• Data supplied:

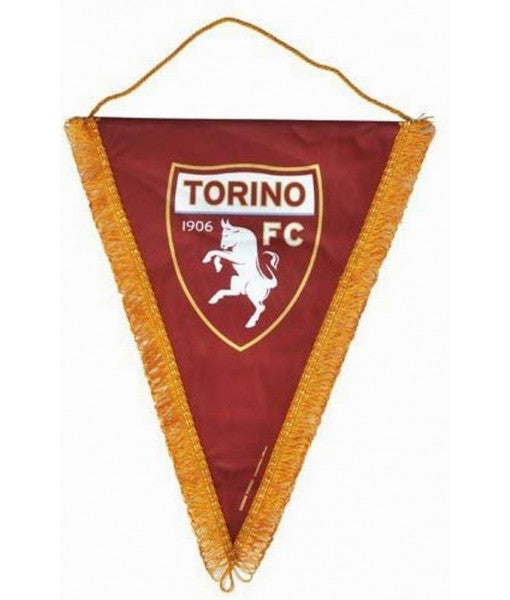 OFFICIAL TORINO BULL PENNANT 20 x 28 cm TRIANGULAR GRENADE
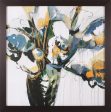 Art Effects Blooms In Shamrock Grey Wall Art by Angela Maritz Discount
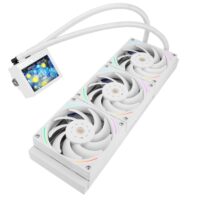 Thermalright Mjolnir Vision 360 White ARGB 360mm AIO Liquid CPU Cooler, IPS LCD Screen - Image 3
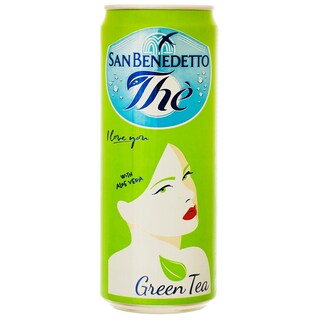 San Benedetto | Bautura racoritoare necarbogazoasa cu aroma de ceai verde 0.33l
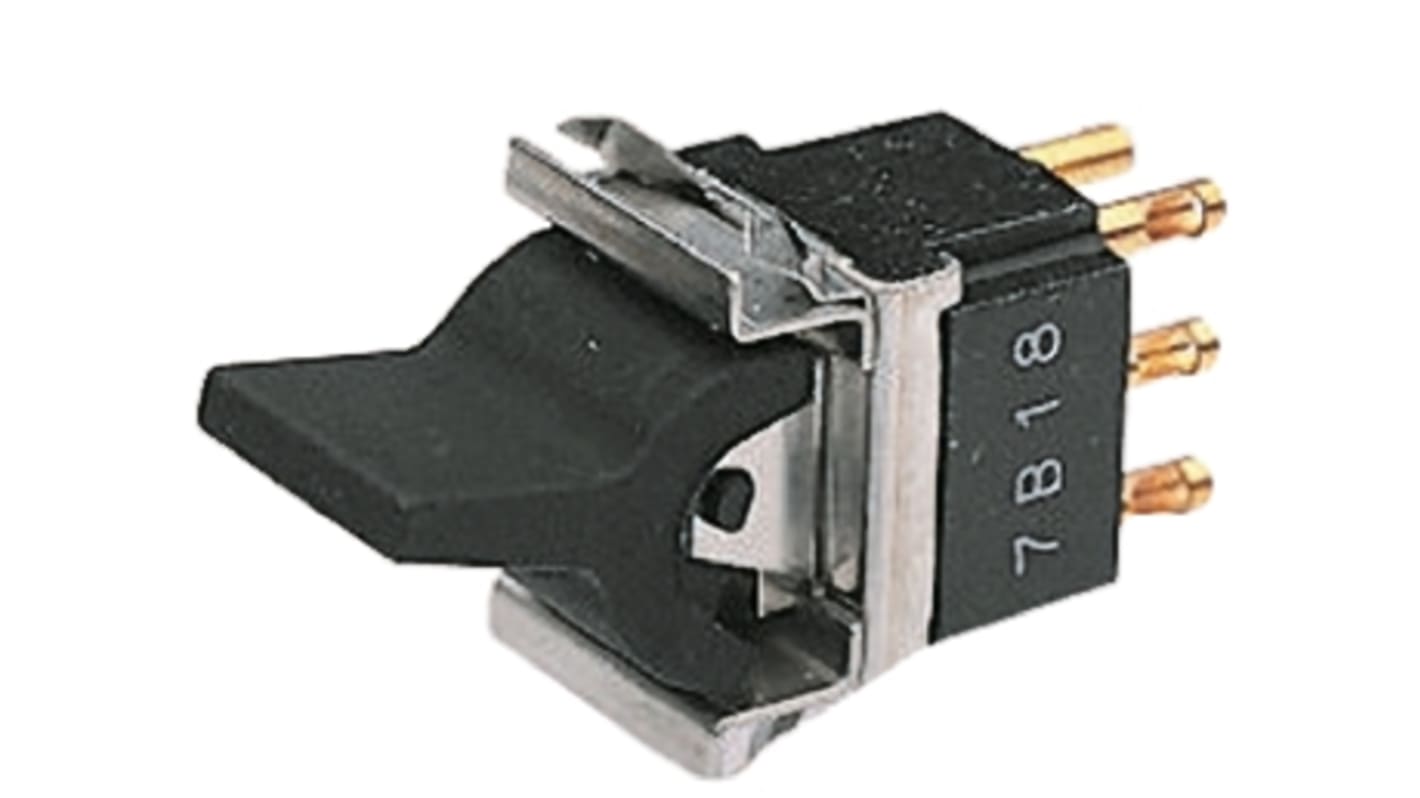 TE Connectivity ロッカースイッチ SPDT イルミネーション：なし カットアウト幅：13mm FLD19-BLACK04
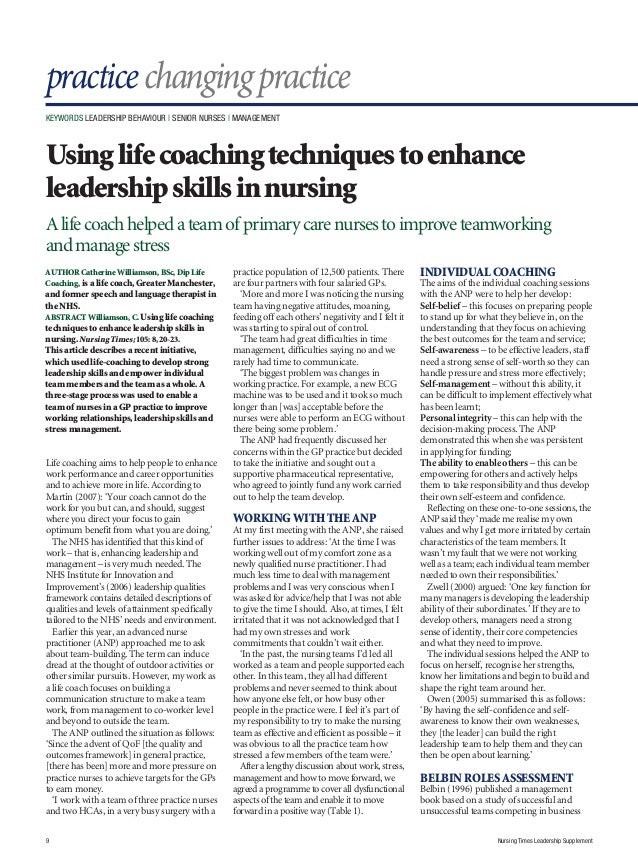 Leadership skillsfornurses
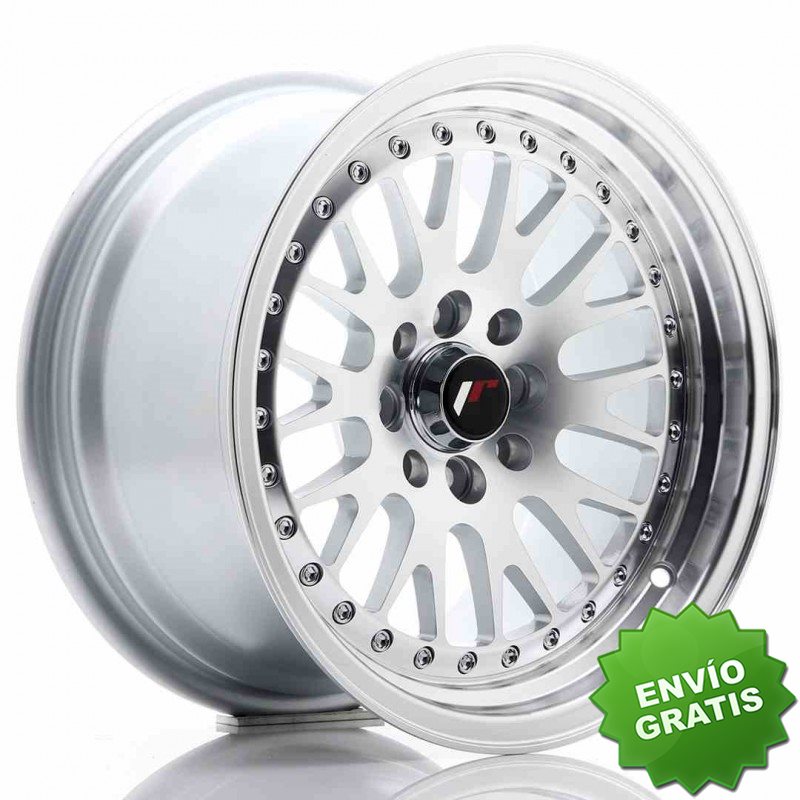 Llanta exclusiva Jr Wheels Jr10 15x8 Et20 4x100 108 Silver Machined F Ace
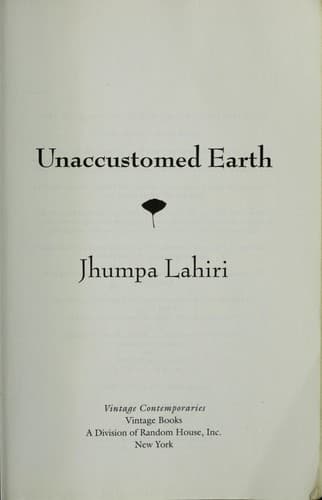 Tapa de Unaccustomed earth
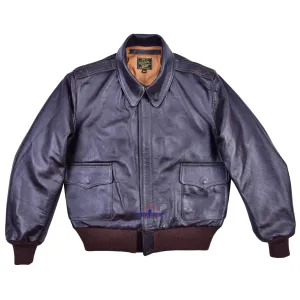Repro A2 STAR SPORTSWEAR MFG.CO. Order No W535ac 28557 Horsehide Leather Flight Jacket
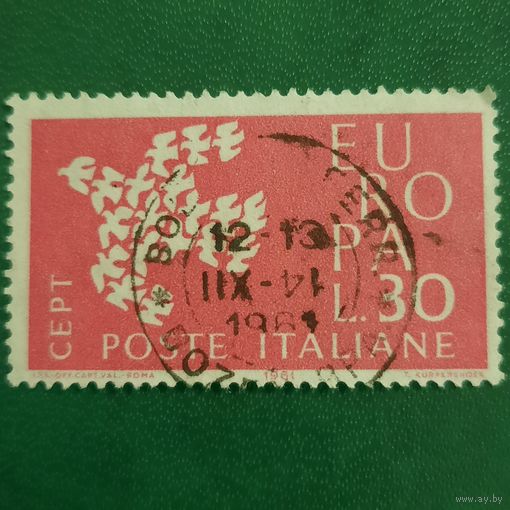 Италия 1961. Стандарт. Europa Cept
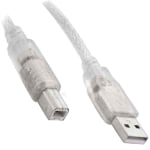 Кабел  USB A USB B  PRINTER 5m
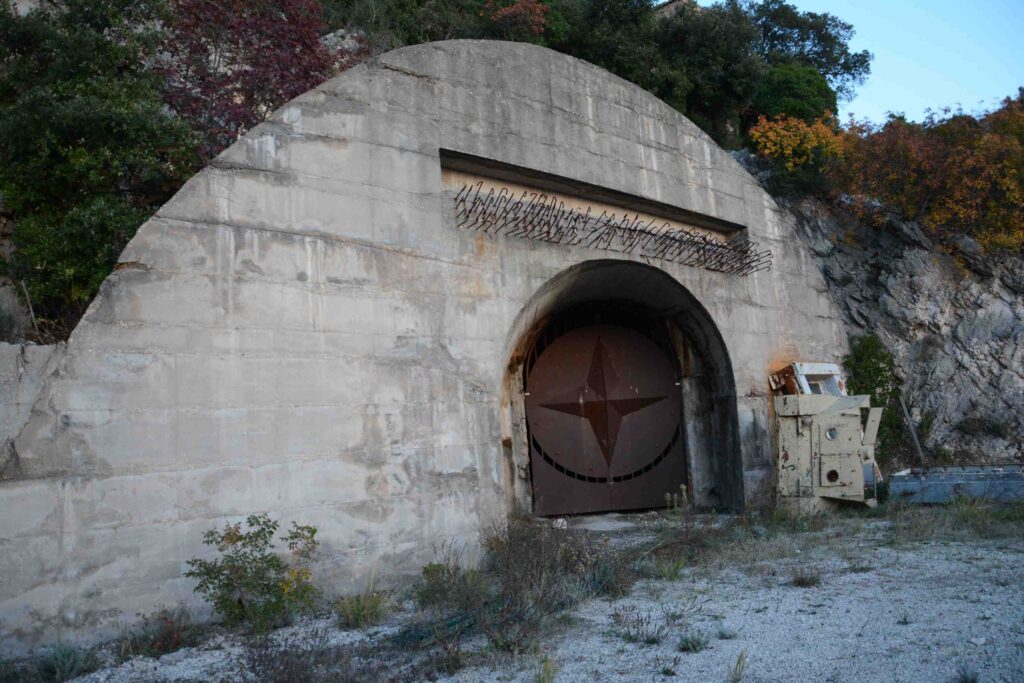 L'ingresso al Bunker di Soratte - foto da www.bunkersoratte.it
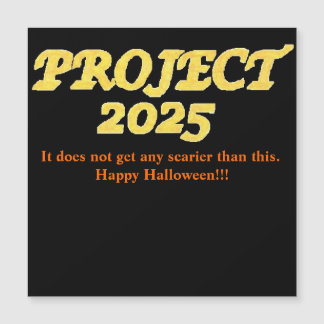 Project 2025磁気ハロウィーンカード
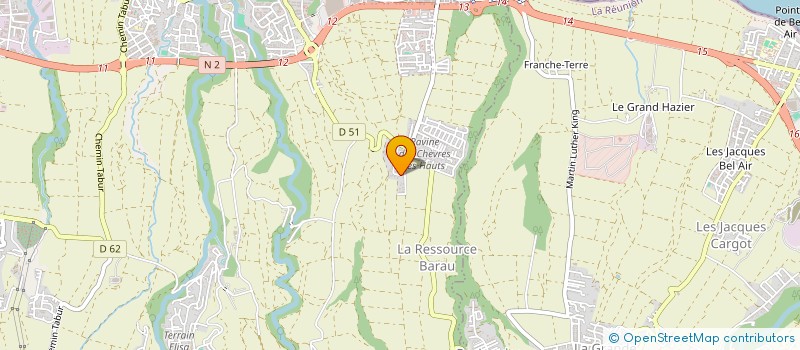localisation de l'entreprise REVALIE à SAINTE-MARIE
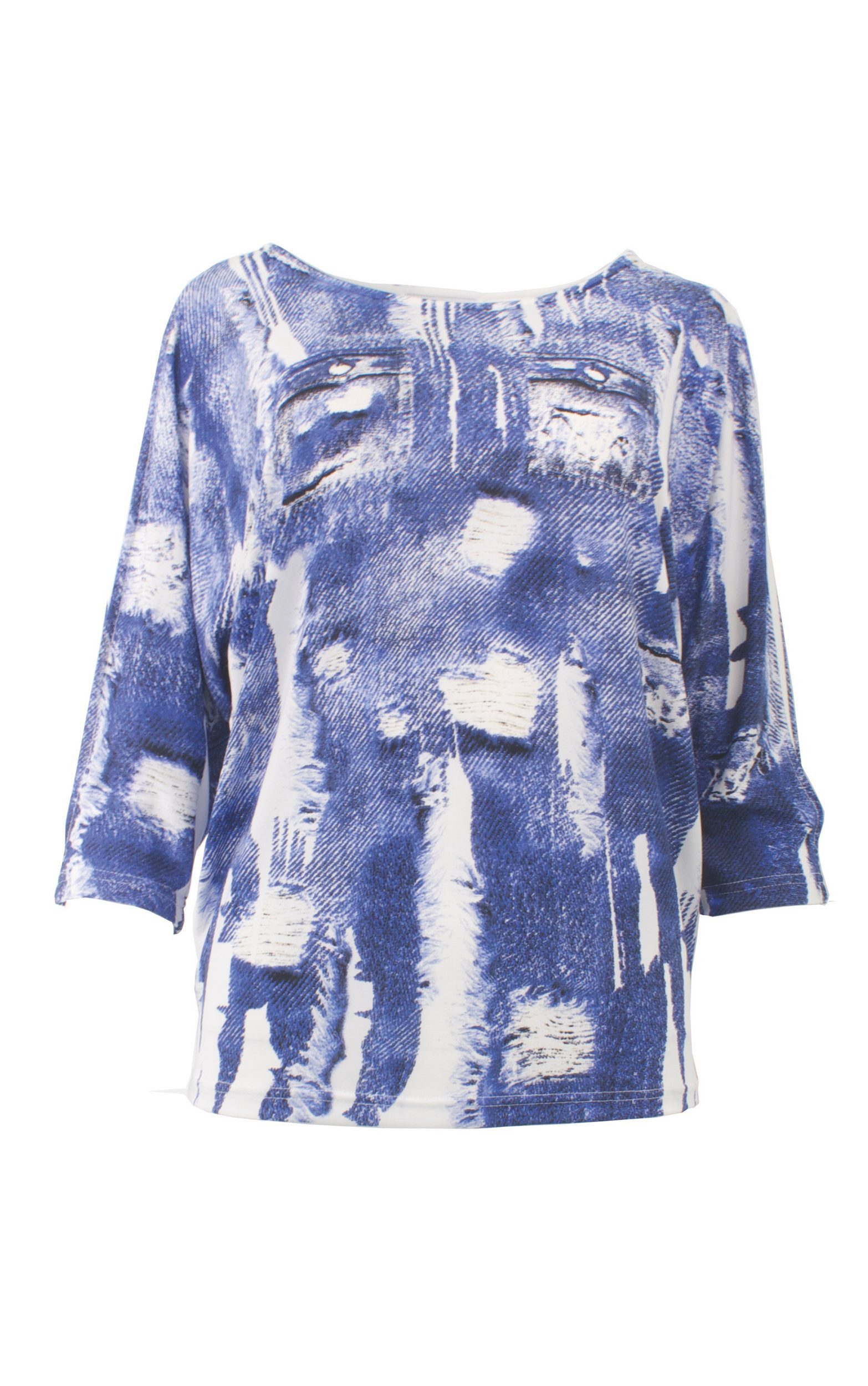 T-Shirt mit Jeans-Print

• Task to carry out:
The line that contains "Repro A2 STAR" begins the range and the last line of the entries ends it; print that range exactly, without pictures.

• Finished task:
Repro A2 STAR SPORTSWEAR MFG.CO. Order No W535ac 28557 Horsehide Leather Flight Jacket
 Италия 1961. Стандарт. Europa Cept
 Кабел  USB A USB B  PRINTER 5m
 L'ingresso al Bunker di Soratte - foto da www.bunkersoratte.it
 Project 2025磁気ハロウィーンカード
localisation de l'entreprise REVALIE à SAINTE-MARIE
 T-Shirt mit Jeans-Print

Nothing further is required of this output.